THE STORY – The Martins are optimistic dreamers, quietly leading their lives on the margins of a major Brazilian city following the disappointing election of a far-right extremist president. A lower-middle-class Black family, they feel the strain of their new reality as the political dust settles. Tércia, the mother, reinterprets her world after an unexpected encounter leaves her wondering if she’s cursed. Her husband, Wellington, puts all of his hopes into the soccer career of their son, Deivinho, who reluctantly follows his father’s ambitions despite secretly aspiring to study astrophysics and colonize Mars. Meanwhile, their older daughter, Eunice, falls in love with a free-spirited young woman and ponders whether it’s time to leave home.
THE CAST – Rejane Faria, Carlos Francisco, Camilla Damião, Cícero Lucas, Ana Hilário, Russo Apr, Dircinha Macedo, Tokinho & Juan Pablo Sorrin
THE TEAM – Gabriel Martins (Director/Writer)
THE RUNNING TIME – 115 Minutes
When it comes to writing movies, there’s simply nothing better one can do than build good, solidly defined characters. This may seem obvious, but any film lover can tell you that far too many movies get distracted by other more bombastic elements rather than building a sturdy foundation of fictional figures. Gabriel Martins, the writer-director of “Mars One,” clearly has his writerly priorities straight, and his newest movie is a testament to his abilities. It’s a sweet film that doesn’t hesitate to put its characters in realistically dire situations that would unbalance anyone’s life, and yet it still manages to remain compelling and ultimately quite moving.
The Martins (who pointedly share the same last name as the filmmaker) are a working-class family in modern-day Brazil. They lead quiet lives – the parents have steady labor, and their daughter and son are both studying to pursue their passions. But as seemingly small issues begin to disrupt the unimpeded flow of their day-to-day existences, they must reassess what’s truly important and how best to deal with life’s unexpected disruptions.
The harmonious collaboration of the writer-director and actors gives the film’s central family life. Each character is fully developed without the need for long stretches of awkward, expository dialogue. Martins drops right into these characters’ lives and trusts the audience to be able to piece things together. All four of them are given generous time on their own for viewers to become accustomed and endeared to their habits, dreams, and flaws. The actors are all marvelous at imbuing humanity into the characters they portray. This may seem trite as it’s literally their job to do so, but even from the earliest parts of the movie, all four fully inhabit their characters in believable, captivating ways. A director could only dream of working with such a well-equipped ensemble.
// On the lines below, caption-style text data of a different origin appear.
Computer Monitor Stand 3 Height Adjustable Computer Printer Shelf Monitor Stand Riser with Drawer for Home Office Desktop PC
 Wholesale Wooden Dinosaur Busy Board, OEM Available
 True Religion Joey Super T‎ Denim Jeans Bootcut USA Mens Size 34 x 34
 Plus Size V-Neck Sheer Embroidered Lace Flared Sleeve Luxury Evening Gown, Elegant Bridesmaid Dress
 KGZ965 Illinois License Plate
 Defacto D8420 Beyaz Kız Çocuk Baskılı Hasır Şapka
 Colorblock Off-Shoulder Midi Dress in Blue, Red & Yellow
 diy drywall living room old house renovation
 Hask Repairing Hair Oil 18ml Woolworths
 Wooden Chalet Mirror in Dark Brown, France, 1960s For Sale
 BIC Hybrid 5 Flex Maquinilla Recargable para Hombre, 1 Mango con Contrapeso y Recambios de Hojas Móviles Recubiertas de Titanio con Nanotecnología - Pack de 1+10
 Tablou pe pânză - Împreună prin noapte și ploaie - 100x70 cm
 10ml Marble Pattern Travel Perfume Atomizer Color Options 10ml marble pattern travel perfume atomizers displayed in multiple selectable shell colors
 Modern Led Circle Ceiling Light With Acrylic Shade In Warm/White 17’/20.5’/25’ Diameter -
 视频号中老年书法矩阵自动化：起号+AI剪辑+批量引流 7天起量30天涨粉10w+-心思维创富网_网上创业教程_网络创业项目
Actress Rejane Faria in particular, turns in stellar work. She plays Tércia, the family’s matriarch, who begins to see doom everywhere she goes after a strange near-near-death encounter, leading her to believe that she has been cursed. She’s clearly on edge, but Faria never lets it become an overwhelming fear. Instead, she quietly and slowly allows it to consume her – a wise choice for a character who must keep both her household and job running. Faria is able to convey a wide-ranging array of expressions, both micro and macro, often switching between them within the same shot. It’s an impressive, severely sympathetic performance.
While “Mars One” is captivating from start to finish, by its very nature, it does meander. It’s a film less concerned with a typical three-act narrative structure and more focused on exploring characters and themes within its own well-built world. Notably, the film begins with the election of the far-right president Jair Bolsonaro, firmly establishing a specific time and place. This upsetting political outcome looms over the story but doesn’t consume the narrative or even explicitly play into the characters’ actions and reactions. It allows the film to be instead a story of a family living through uncertain times and making it by one day at a time, just as the creeds that are repeated at the father’s Alcoholics Anonymous meetings express.
Rather than feeling like an unnecessary shadow on the story, this choice of setting helps to lend the film a tone that’s quite lovely. In the face of adversity, both amongst themselves and in their country at large, this family knows that at the end of the day, all they have is each other. They don’t take that for granted, and by witnessing their story, perhaps viewers may be reminded that the connections to those around them are truly the only things that matter in this life.